[Given data Boundary: Start]

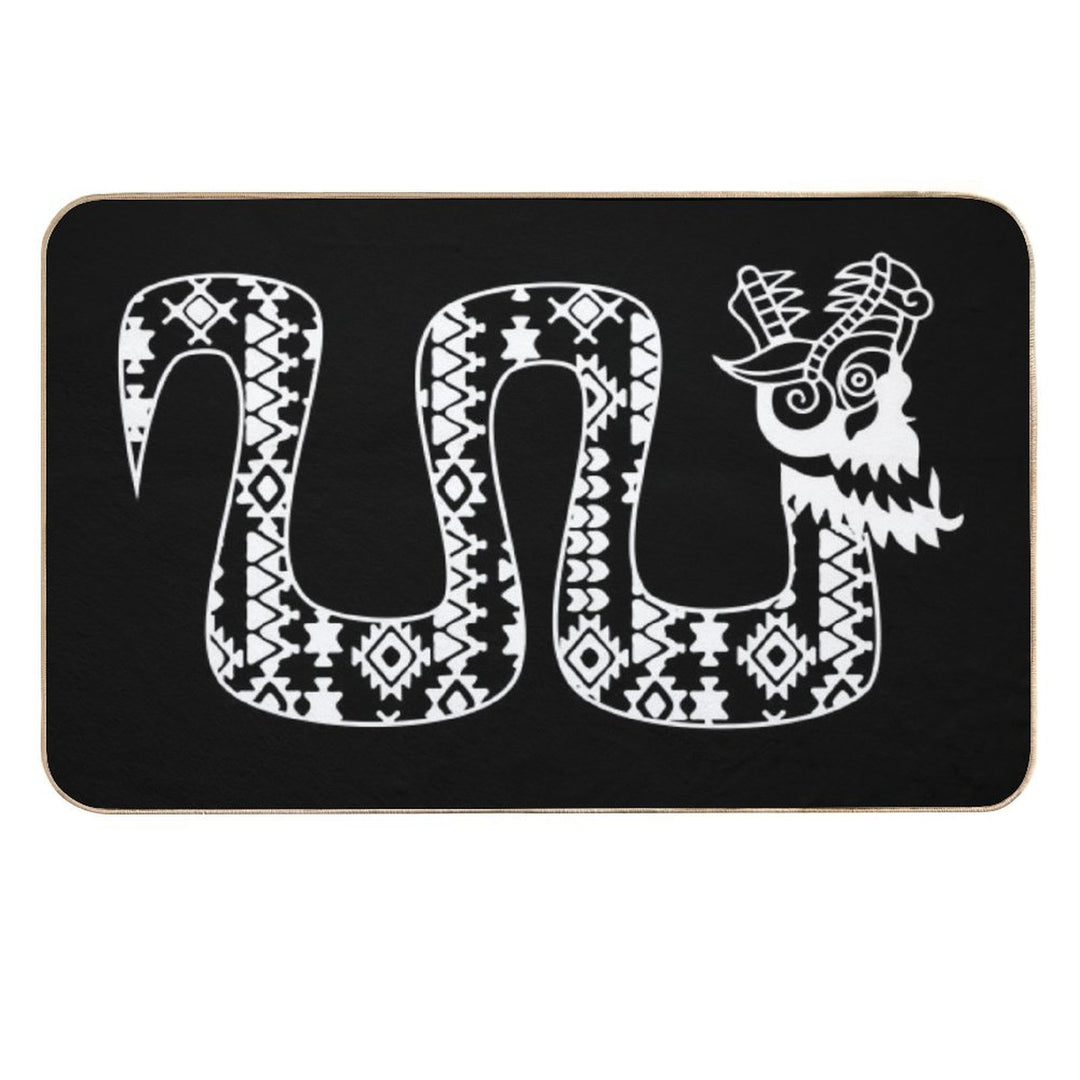 Aztec Tribal Serpent Dragon White  Toxin-Free Bath Mat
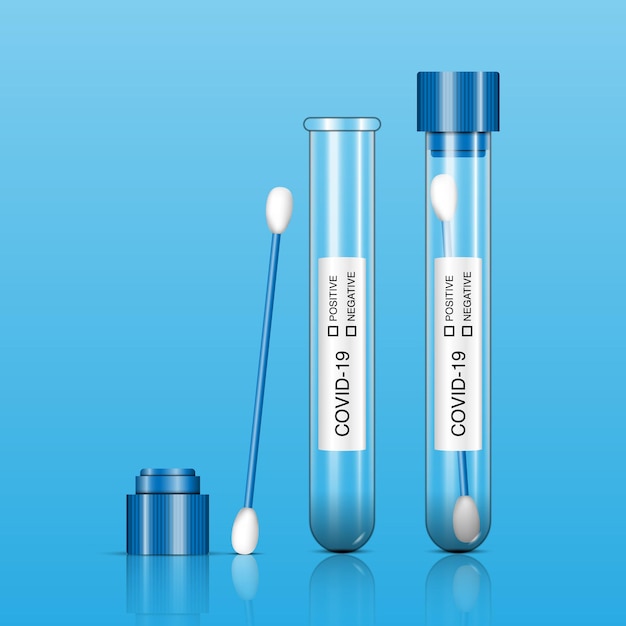 Vector coronavirus covid 19 infected cotton bud sample with test tube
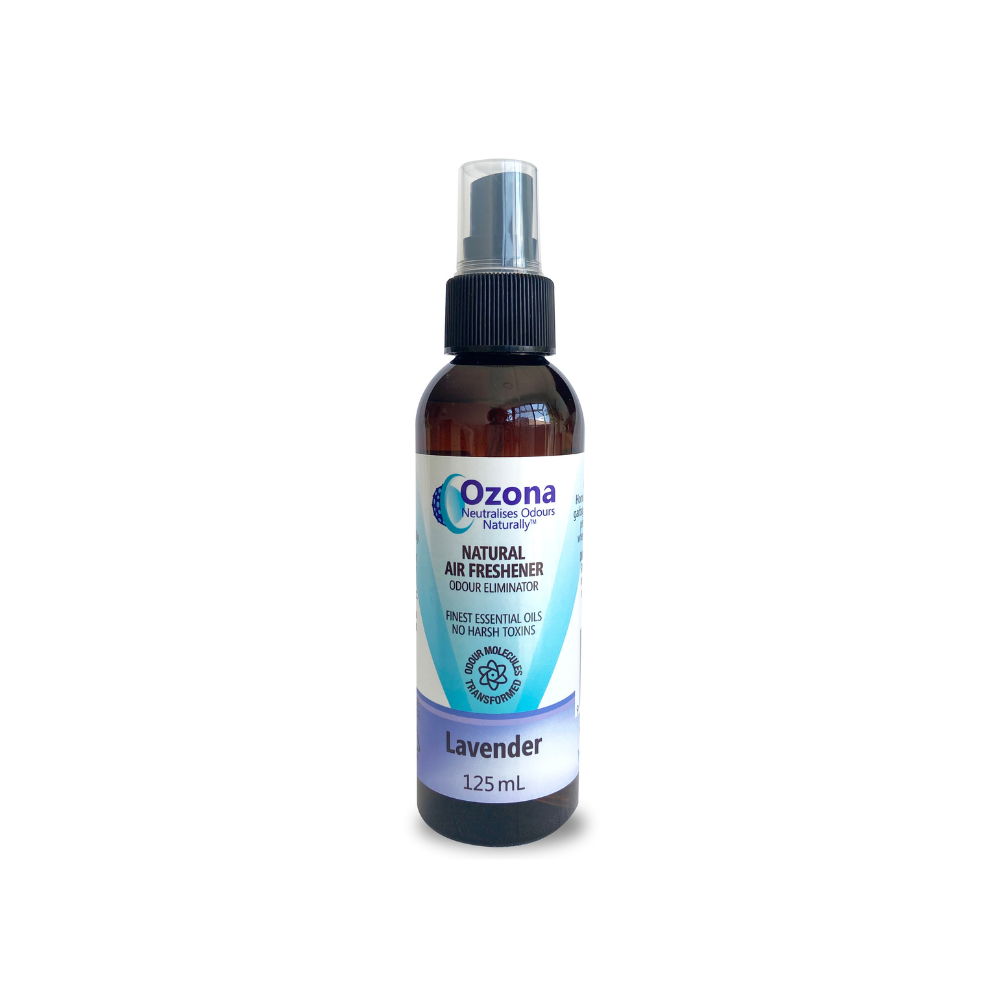 Ozona Natural Air Freshener Lavender 125mL – eco-friendly odour eliminator made with pure essential oils and no harsh toxins, perfect for refreshing home or office air naturally.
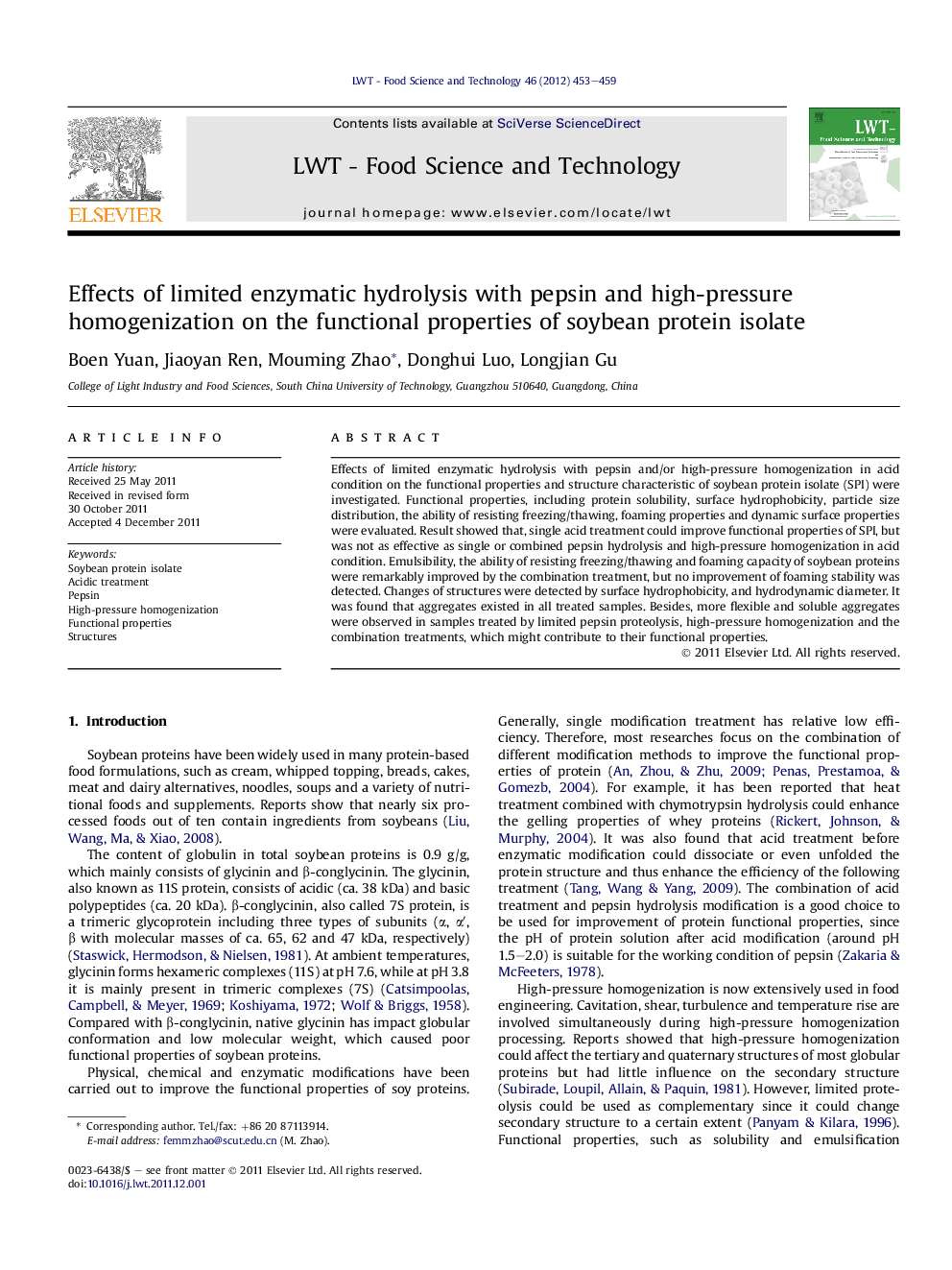 Effects of limited enzymatic hydrolysis with pepsin and high-pressure homogenization on the functional properties of soybean protein isolate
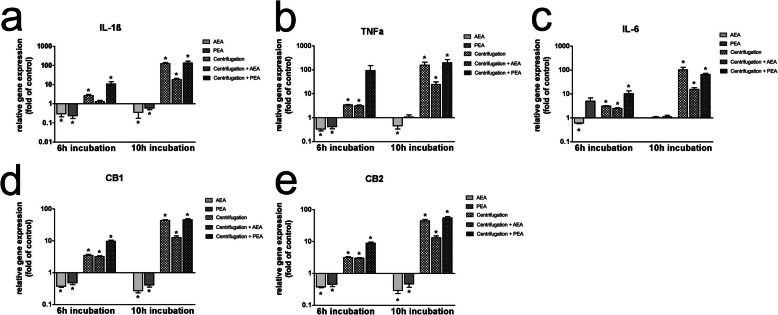 Transcriptional regulation of inflammatory cytokines and CB receptors in PDL cells upon CII and endocannabinoid treatment. Gene expression analyses were performed for IL-1ß (a), TNFa (b), IL-6 (c), CB1 (d) and CB2 (e) upon challenge with or without AEA (50 μM) or PEA (50 μM) under serum-free conditions in combination with or without CII of PDL cells for 6 h or 10 h, respectively. Analyses were performed via qRT-PCR. Values represent the mean ± SEM (n = 6) of the relative differential gene expression (fold of control). * statistically significant compared to unstimulated control (p < 0.05, one sample t test)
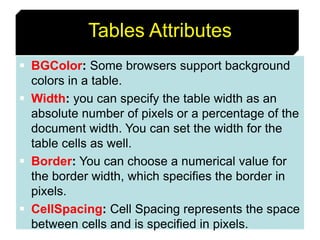 77
Tables Attributes
 BGColor: Some browsers support background
colors in a table.
 Width: you can specify the table width as an
absolute number of pixels or a percentage of the
document width. You can set the width for the
table cells as well.
 Border: You can choose a numerical value for
the border width, which specifies the border in
pixels.
 CellSpacing: Cell Spacing represents the space
between cells and is specified in pixels.
 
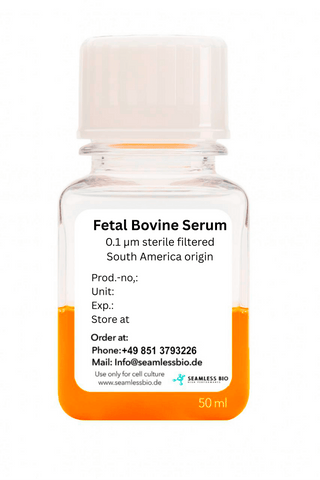 Fetal Bovine Serum – South America Origin | Low Endotoxin (< 5 EU/mL) | 0.1 µm Sterile Filtered | High Purity | 50 mL, 100 mL & 500 mL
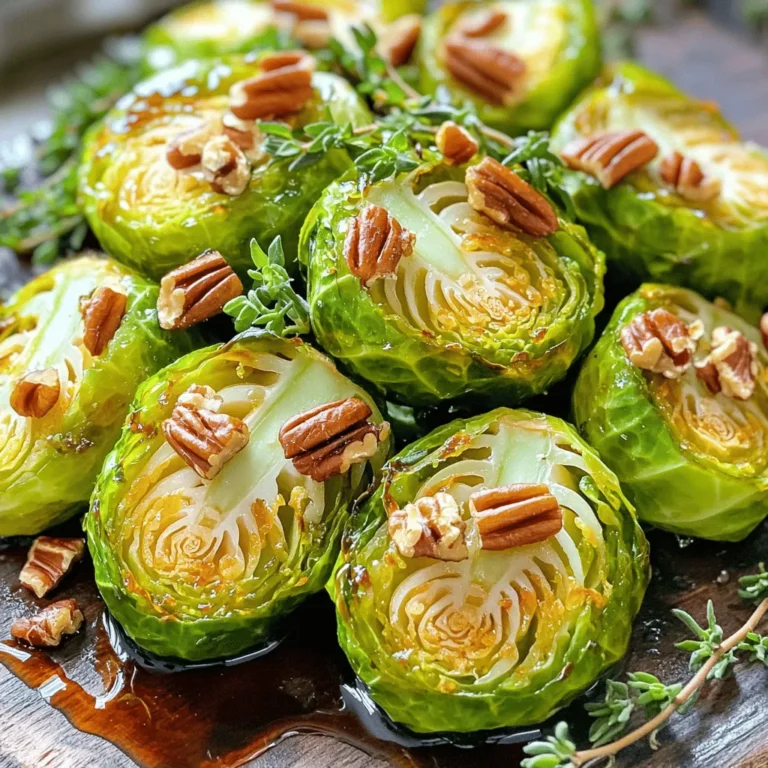 - 1 lb Brussels sprouts, trimmed and halved - 3 tablespoons olive oil - 2 tablespoons pure maple syrup - 1/2 cup pecans, roughly chopped - 1 tablespoon balsamic vinegar - Fresh thyme leaves for garnish - 1 teaspoon garlic powder - 1 teaspoon onion powder - Salt and pepper to taste The main ingredients are simple yet powerful. The Brussels sprouts bring a nice crunch. Olive oil helps with roasting, while maple syrup adds a sweet touch. The pecans give a nutty flavor and great texture. You can also use balsamic vinegar for a tangy kick. Fresh thyme leaves can brighten up the dish. Seasoning is key! Garlic powder and onion powder add depth. Don’t forget salt and pepper to taste. These ingredients work together to create magic. For the full recipe, check out the complete guide. Enjoy every bite of these flavorful bites! 1. Preheat the oven to 400°F (200°C). This is key for good roasting. 2. In a large bowl, combine the halved Brussels sprouts with olive oil, maple syrup, garlic powder, onion powder, salt, and pepper. Toss well to coat the sprouts evenly. 1. Spread the Brussels sprouts on a baking sheet cut side down. This helps them brown nicely. 2. Roast for 20 minutes before adding pecans. This step builds great flavor. 1. After 20 minutes, gently toss the sprouts and sprinkle the chopped pecans over them. 2. Roast for an additional 10-15 minutes. You want them tender and brown, stirring once halfway through. 3. Optionally, drizzle with balsamic vinegar before serving. Toss to combine for added taste. 4. Finally, remove from the oven and garnish with fresh thyme leaves. This adds a lovely touch. For the full recipe, check out the Maple-Pecan Roasted Brussels Sprouts. - Make sure to coat the sprouts well with oil and seasonings. This helps them cook evenly. - Use parchment paper on your baking sheet. It makes for easy cleanup after roasting. - If you like some spice, add a pinch of red pepper flakes. It gives a nice kick. - Try using different nuts, like walnuts or almonds, for added crunch and flavor. - Serve the roasted Brussels sprouts on a large platter. - Garnish with extra pecans and thyme for a beautiful look. This adds a touch of elegance to your dish. For the full recipe, check out the details above. {{image_2}} You can add seasonal veggies to your Brussels sprouts. Try carrots or sweet potatoes for color and taste. They roast well and add a nice texture. If you want extra flavor, try adding crispy bacon or pancetta. This gives a savory twist that many love. For a unique taste, make a maple mustard mix. Combine Dijon mustard with maple syrup. This brings a tangy sweetness that brightens the dish. You can also try a honey-lemon version. The citrus burst from the lemon adds freshness to the roasted sprouts. If you want a lighter option, use avocado oil instead of olive oil. It has a mild flavor and is great for cooking. For those who follow a vegan diet, pick pure maple syrup without additives. It keeps your dish both sweet and plant-based. For the full recipe, check the earlier section. To keep your Maple Roasted Brussels Sprouts fresh, let them cool completely. This step is key. Once cool, place them in an airtight container. Store the container in the fridge. The sprouts will stay good for about 3 to 4 days. For the best taste, reheat leftovers in the oven. Set the oven to 350°F (175°C) and warm them for about 10-15 minutes. This method helps to maintain their crispy texture. If you need a quick option, you can use the microwave. However, be aware that they may become a bit soggy. I do not recommend freezing these sprouts. Freezing can change their taste and texture. To enjoy the best flavor, eat them fresh or store leftovers in the fridge. If you have extra, consider sharing with friends instead of freezing! The best temperature for roasting Brussels sprouts is 400°F (200°C). This heat helps them caramelize nicely. You want that golden brown color. It also brings out their sweet flavor. You can use frozen Brussels sprouts if needed. However, fresh sprouts taste better and have a better texture. Frozen sprouts can be a quick fix, but they may not roast as well. Brussels sprouts are done when they are tender and caramelized. You do not want them mushy. Check for a nice brown color on the outside. This shows they are ready to eat. Maple roasted Brussels sprouts pair well with many dishes. You can serve them with roasted meats like chicken or beef. They also go great in grain bowls. They work well as a side for holiday meals too. Try them with your favorite proteins! For the full recipe, check out the details above. These maple roasted Brussels sprouts are easy to make and delicious. You learned the key ingredients, step-by-step instructions, and handy tips to enhance flavor. The variations and storage advice will help you enjoy them longer. Don't hesitate to try new flavors or veggies for a fun twist. These Brussels sprouts work well on any plate, from casual meals to special occasions. Enjoy your cooking adventure and the tasty results it brings!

[Given data Boundary: End]

(Exercise description): Using the data above, copy exactly the lines from the one containing "Ozona Natural Air" to the one containing "Effects of limited", inclusive. Exclude the pictures.

(Your response):
 Ozona Natural Air Freshener Lavender 125mL – eco-friendly odour eliminator made with pure essential oils and no harsh toxins, perfect for refreshing home or office air naturally.
 Effects of limited enzymatic hydrolysis with pepsin and high-pressure homogenization on the functional properties of soybean protein isolate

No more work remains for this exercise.